Rusia mendapat giliran menjabat presidensi Dewan Keamanan (DK) Perserikatan Bangsa-Bangsa (PBB) pada Sabtu (1/4/2023). Ini nyatanya terjadi di tengah adanya tuduhan kejahatan perang yang dihadapi Presiden Rusia Vladimir Putin. Kepemimpinan Rusia di DK PBB itu pun memicu kemarahan besar Presiden Ukraina Volodymyr Zelensky. Zelensky menyebut presidensi Rusia di Dewan Keamanan PBB sebagai langkah yang tidak masuk akal dan merusak. Terakhir kali Rusia menjabat presidensi DK PBB yang berlaku sesuai rotasi adalah pada Februari 2022 ketika Moskwa melancarkan invasi besar-besaran ke Ukraina. Padahal, DK PBB sendiri bertanggung jawab menjaga perdamaian dan memerangi agresi internasional.

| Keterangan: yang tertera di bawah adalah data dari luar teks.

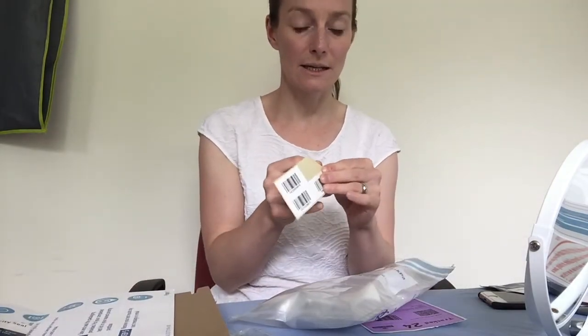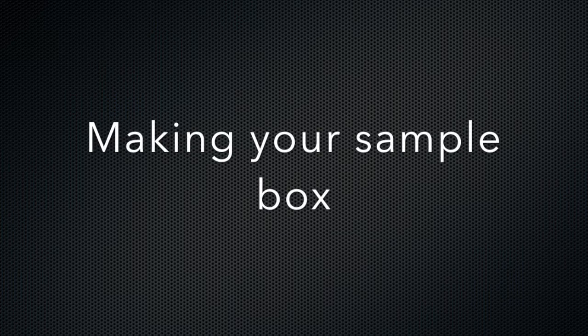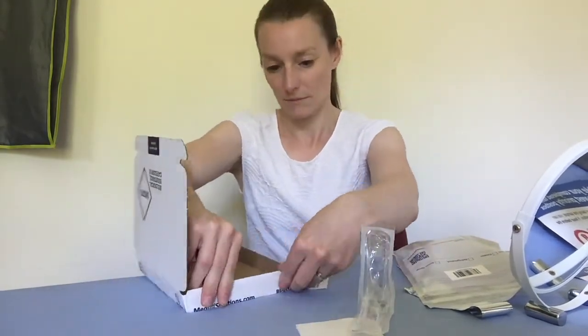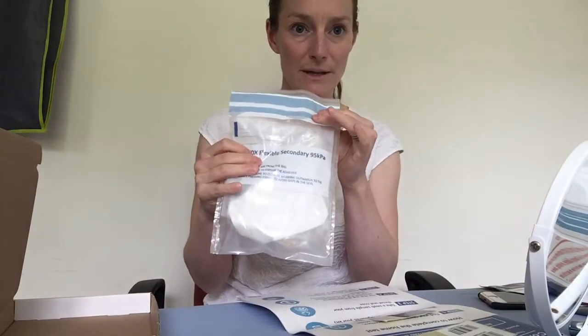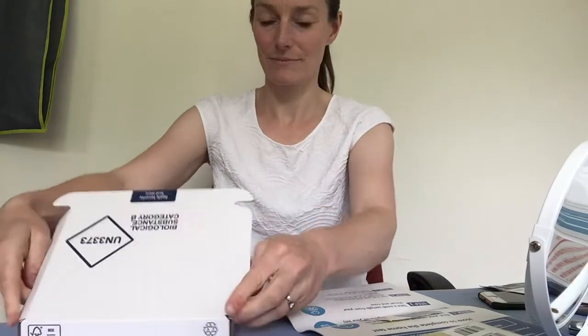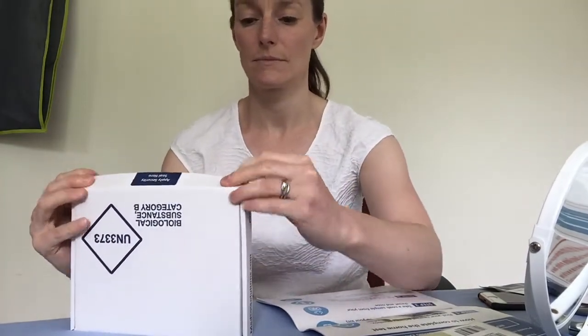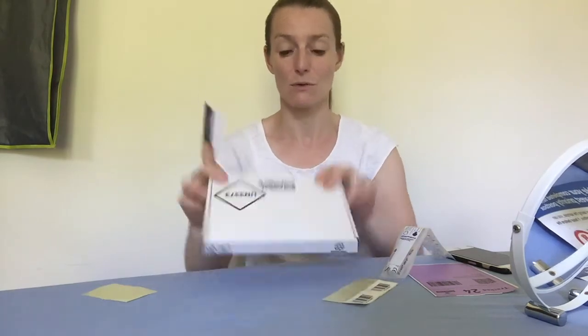The next thing you do is stick a barcode again on the outside of this bag. Then you build your box and put the sealed bag inside the box. After that, you stick the labels on the box and the security seal, which is how they know that nobody's tampered with or touched what's inside.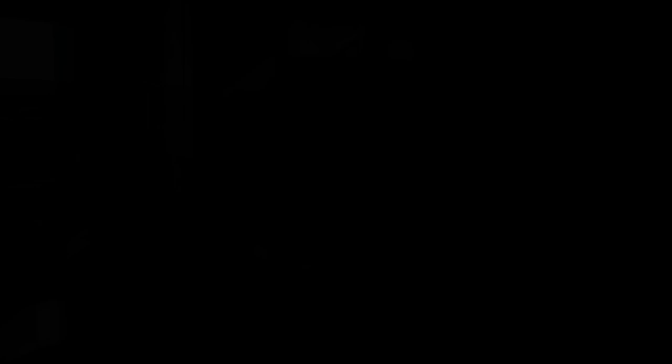Click here to subscribe or click here to see more episodes. Thanks for watching Man at Arms: Reforged. We need to know what you want the team to build — tell us in the comments below what you would like to see.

Presidensi DK PBB digilir di antara 15 negara anggota sesuai abjad. Meski presidensi itu bersifat prosedural, Kremlin dan para pejabat Rusia bertekad “menggunakan semua haknya” untuk posisi itu. Amerika Serikat (AS) pada Kamis (30/3/2023) mendesak Rusia untuk “bertindak profesional” saat menjabat presidensi. AS juga beralasan tidak ada cara lain untuk memblokir Moskwa dari presidensi. Menteri Luar Negeri Ukraina Dmytro Kuleba menyebut, presidensi Rusia di DK PBB sebagai tamparan bagi komunitas internasional. Dia mengatakan sudah waktunya untuk melakukan perbaikan terhadap institusi-institusi global, termasuk Dewan Keamanan PBB.
“Reformasi jelas dibutuhkan untuk mencegah negara teroris dan negara lainnya yang ingin menjadi teroris, agar tidak menghancurkan perdamaian,” kata Kuleba. Realitanya, perang yang digelorakan Rusia sejak 400 hari lalu dilaporkan telah menewaskan ribuan orang, menghancurkan kota-kota Ukraina, dan membuat jutaan warga sipil melarikan diri. Rusia kini bahkan masih terus berupaya mengambil alih sebagian negara Ukraina dan melanjutkan serangannya di timur.